* [TASK INSTRUCTIONS]: Please, from the entries below, transcribe exactly the lines that begin at the line with "Madewell Denim Smocked" and end at the line with "ZIMMERMANN MAXI LACE DRESS IN WHITE", without the pictures.

* [DATASET RECORDS]:
# # # #

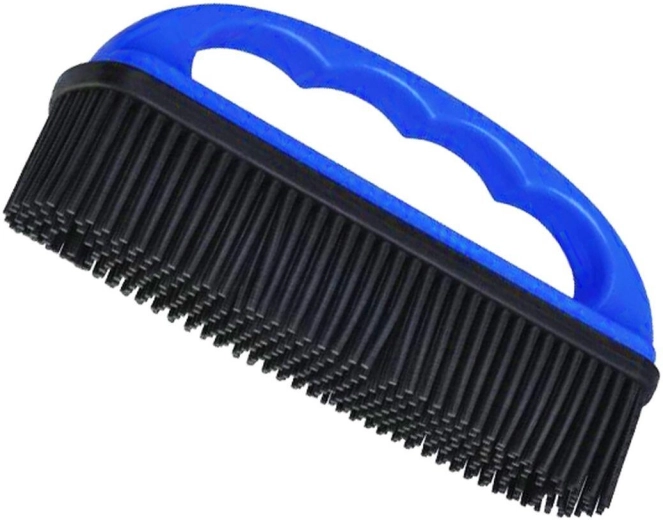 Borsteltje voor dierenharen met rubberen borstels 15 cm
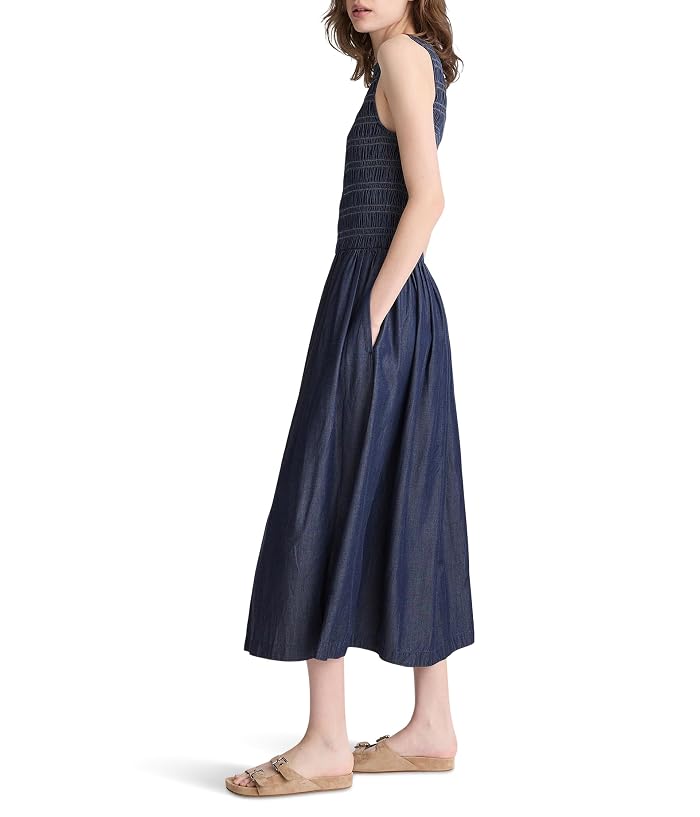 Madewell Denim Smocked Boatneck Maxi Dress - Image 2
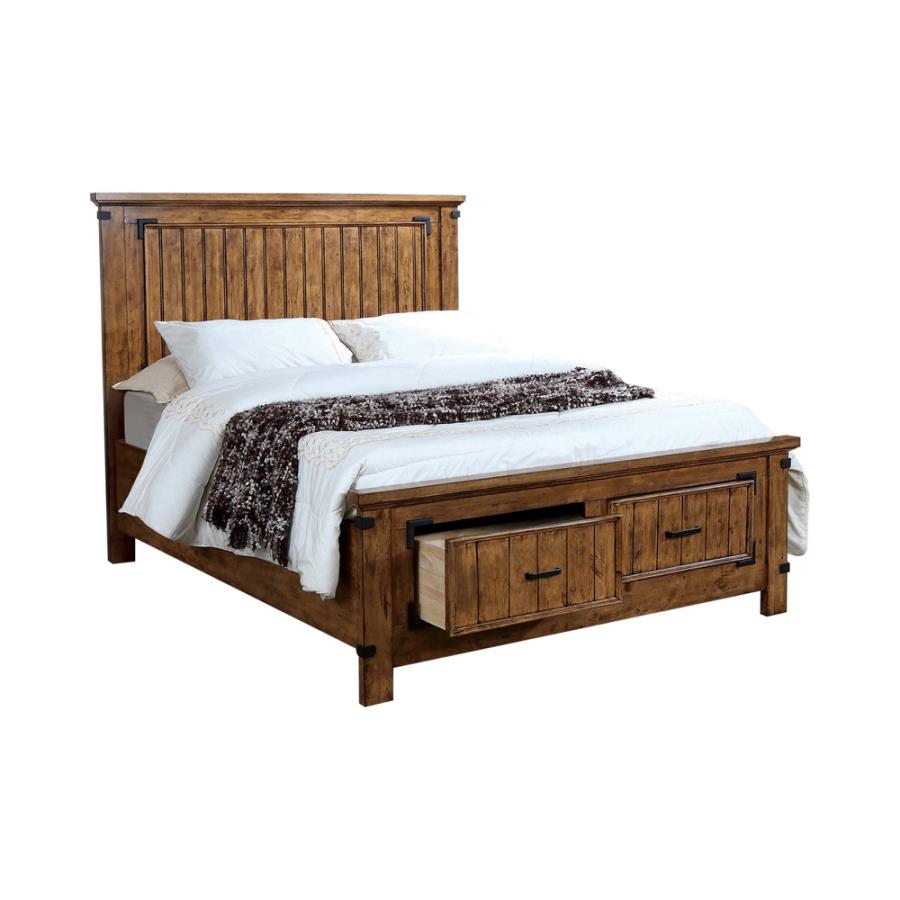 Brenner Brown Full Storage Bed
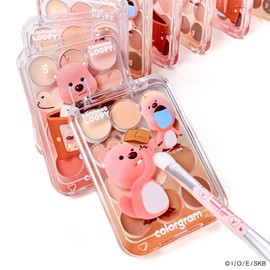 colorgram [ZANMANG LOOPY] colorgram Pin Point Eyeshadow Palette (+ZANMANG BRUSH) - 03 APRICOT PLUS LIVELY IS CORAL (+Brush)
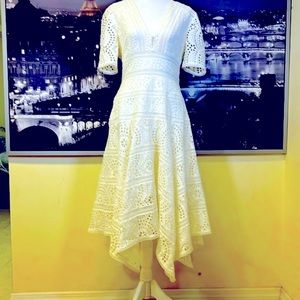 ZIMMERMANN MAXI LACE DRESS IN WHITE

# # # #

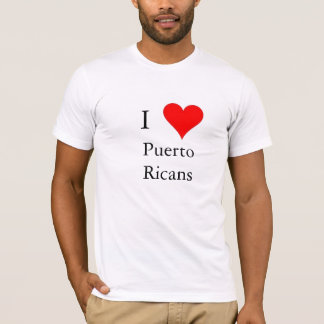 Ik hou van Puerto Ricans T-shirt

# # # #

* [RESPONSE BOX]:
 Madewell Denim Smocked Boatneck Maxi Dress - Image 2
 Brenner Brown Full Storage Bed
 colorgram [ZANMANG LOOPY] colorgram Pin Point Eyeshadow Palette (+ZANMANG BRUSH) - 03 APRICOT PLUS LIVELY IS CORAL (+Brush)
 ZIMMERMANN MAXI LACE DRESS IN WHITE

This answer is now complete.